Could you copy every record below exactly, leaving out the pictures?

═════ Data extracts ═════

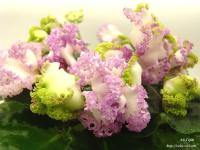 АВ-Герда (стандарт) (л/ук) - код Ф422 **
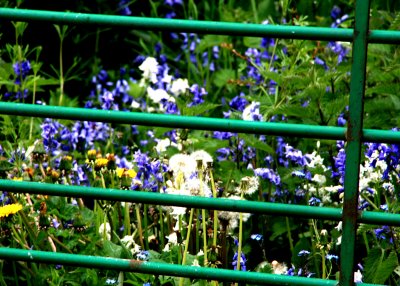 May 17 2010: Someone Else's Flowers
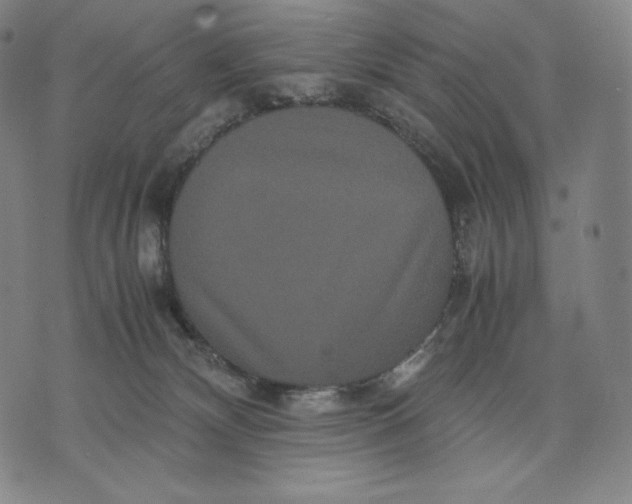 X0000071900132200607281813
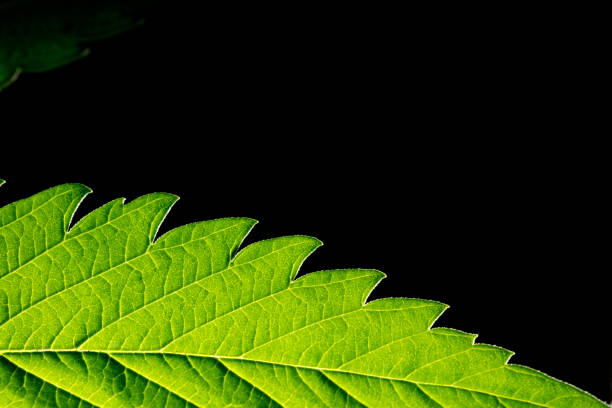 istock macro marijuana leaf, hemp plant, black background 1400849642
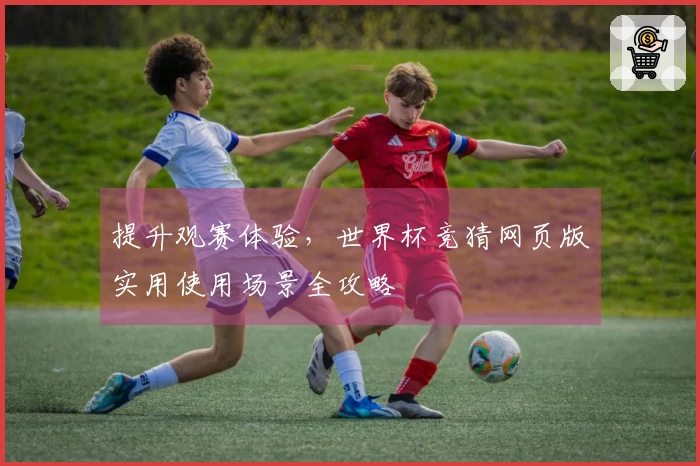 提升观赛体验，世界杯竞猜网页版实用使用场景全攻略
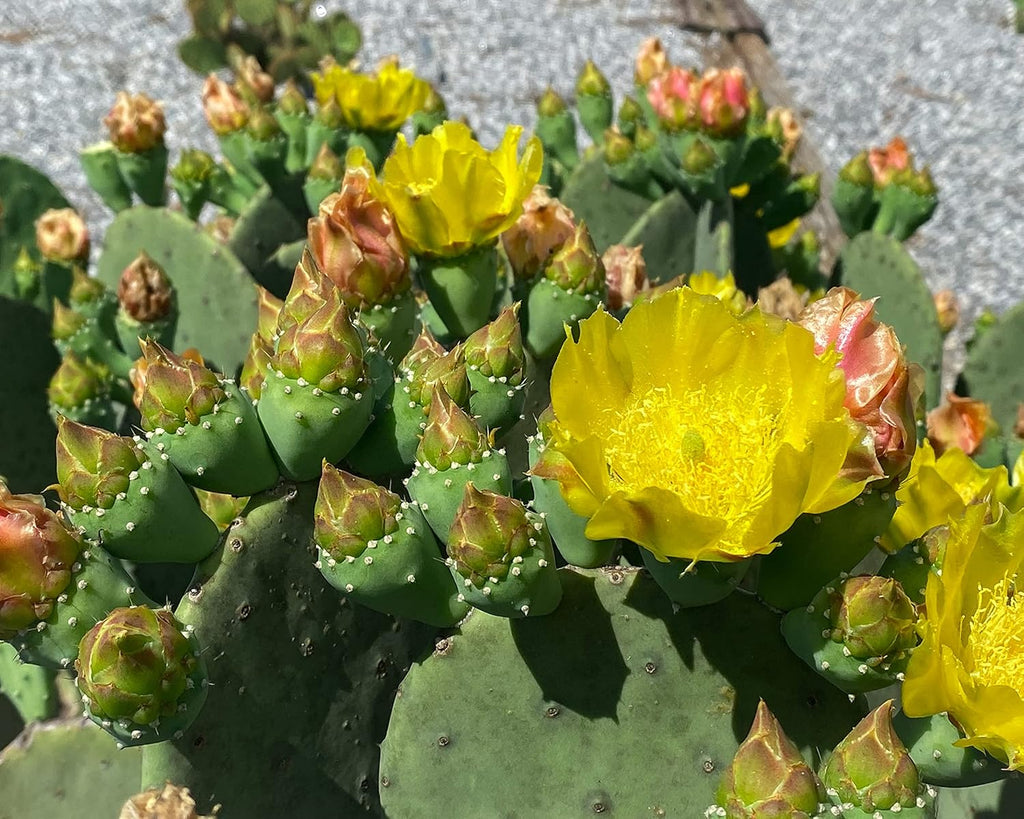 Spineless Prickly Pear Cactus Pad Cutting, Winter Hardy, Unrooted W3674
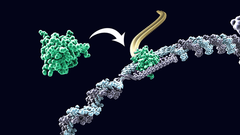 transcription factors transcription factors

═════

**Your response**
 АВ-Герда (стандарт) (л/ук) - код Ф422 **
 May 17 2010: Someone Else's Flowers
 X0000071900132200607281813
 istock macro marijuana leaf, hemp plant, black background 1400849642
 提升观赛体验，世界杯竞猜网页版实用使用场景全攻略
 Spineless Prickly Pear Cactus Pad Cutting, Winter Hardy, Unrooted W3674
 transcription factors transcription factors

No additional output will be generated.